This story takes place across the pond but it shines a light on some of the current state of “research” in the climate studies field. The Daily Caller has a fascinating report on the University of London and the expensive process they engaged in when commissioning research papers and scholarly work on global warming. The university’s Centre for Climate Change Economics and Policy (CCCEP) was tasked by the government with providing such educational material for use by Parliament and they delivered it at a hefty price tag to the taxpayers. The only problem is that a lot of the research in question wasn’t even done by them.

A global warming research center at the London School of Economics got millions of dollars from UK taxpayers by taking credit for research it didn’t perform, an investigation by The Daily Mail revealed.

The UK government gave $11 million dollars to the Centre for Climate Change Economics and Policy (CCCEP) in exchange for research that the organization reportedly never actually did.

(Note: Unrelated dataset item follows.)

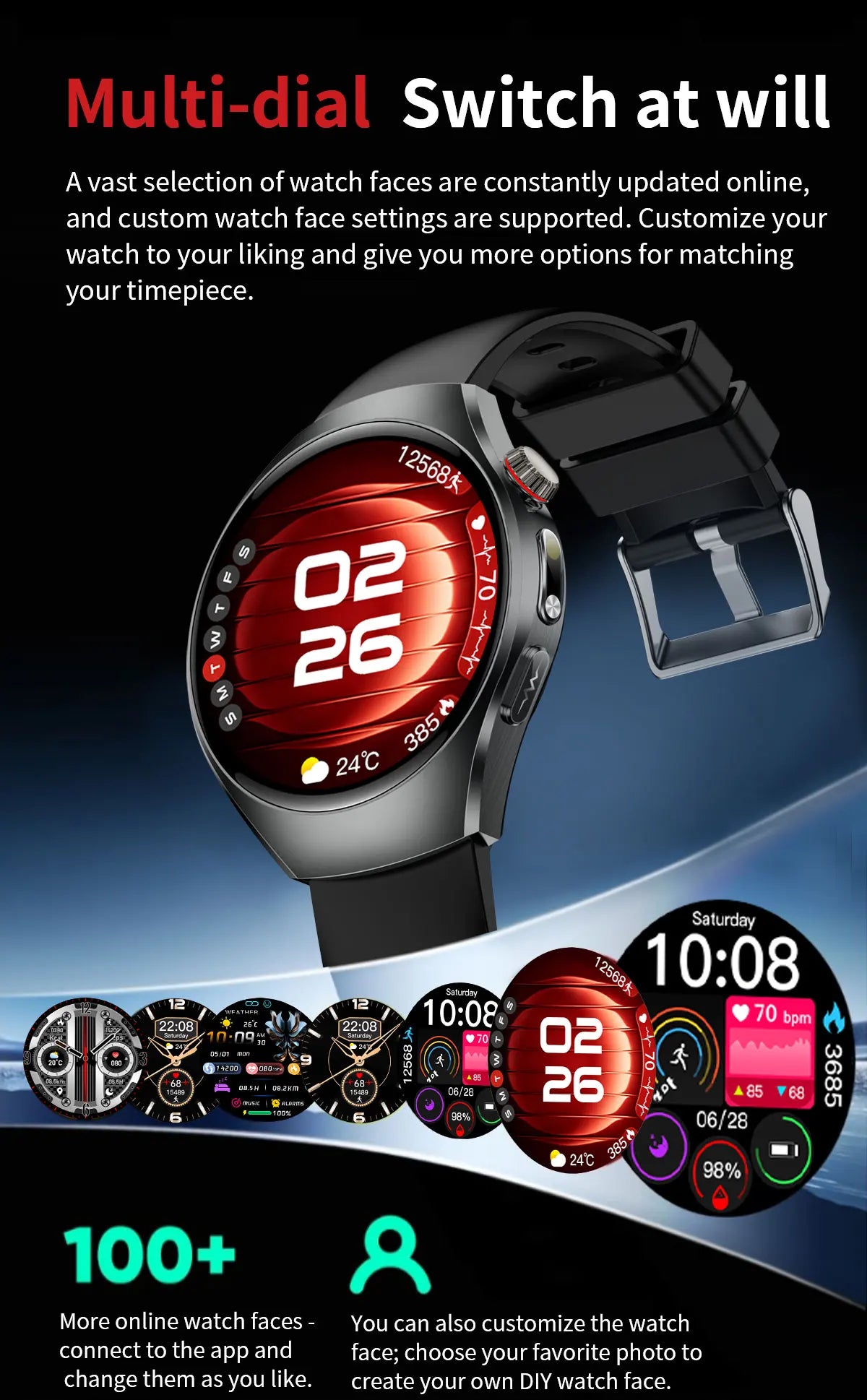 New Brand 2026 upgrade Health Check Smart Watch ECG Blood Lipid Uric Acid Body Fat Sport Waterproof HD Call SmartWatch Man Women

Many papers CCCEP claimed to have published to get government money weren’t about global warming, were written before the organization was even founded, or were written by researchers unaffiliated with CCCEP. The government never checked CCCEP’s supposed publication lists, saying they were “taken on trust,” according to the report.

Some of the researchers who actually did the work were never even informed that CCEP was repackaging and releasing the studies for profit and they were furious about it. Others seemed to be engaged in research which wasn’t even directly related to the subject ostensibly under study.

A second question arises in the reliability of research material which is generated for payment rather than studies which arise from independent academic studies. That happens in the United States as well, with the EPA paying researchers for studies which seem designed to support a particular conclusion before they even begin. As the DC notes, this leads to situations such as we saw when the agency was looking for material to support the need for carbon reduction. That led to a multi-million dollar payday for one scientist.

Recent studies in the U.S. — which the Environmental Protection Agency (EPA) uses to support the scientific case for its Clean Power Plan — saw the agency give $31.2 million, $9.5 million, and $3.65 million in public funds to lead authors, according to EPA public disclosures.

The author who received $3.65 million, Charles Driscoll, even admitted to the Pittsburgh Post-Gazette that the result of his study was predetermined, saying “in doing this study we wanted to bring attention to the additional benefits from carbon controls.”

$16M may not sound like a lot of money in terms of the total federal budget, but the EPA certainly is generous with your tax dollars when it wants to support new regulations on the energy industry. They rely on scientific papers to make their point, but investigations such as this one have to leave us wondering just how much of it is independent work of merit and how much is simply public relations material. If you ever want to get a sense of how much scientific research is being bought and sold with dubious contents, spend some time browsing through the website Retraction Watch. They monitor peer reviewed papers from around the world on all manner of subjects which wind up being yanked after the authors are discredited. There have been nonsense papers – some generated by computer algorithms – published and paid for in virtually every field. And climate science is no exception to that rule.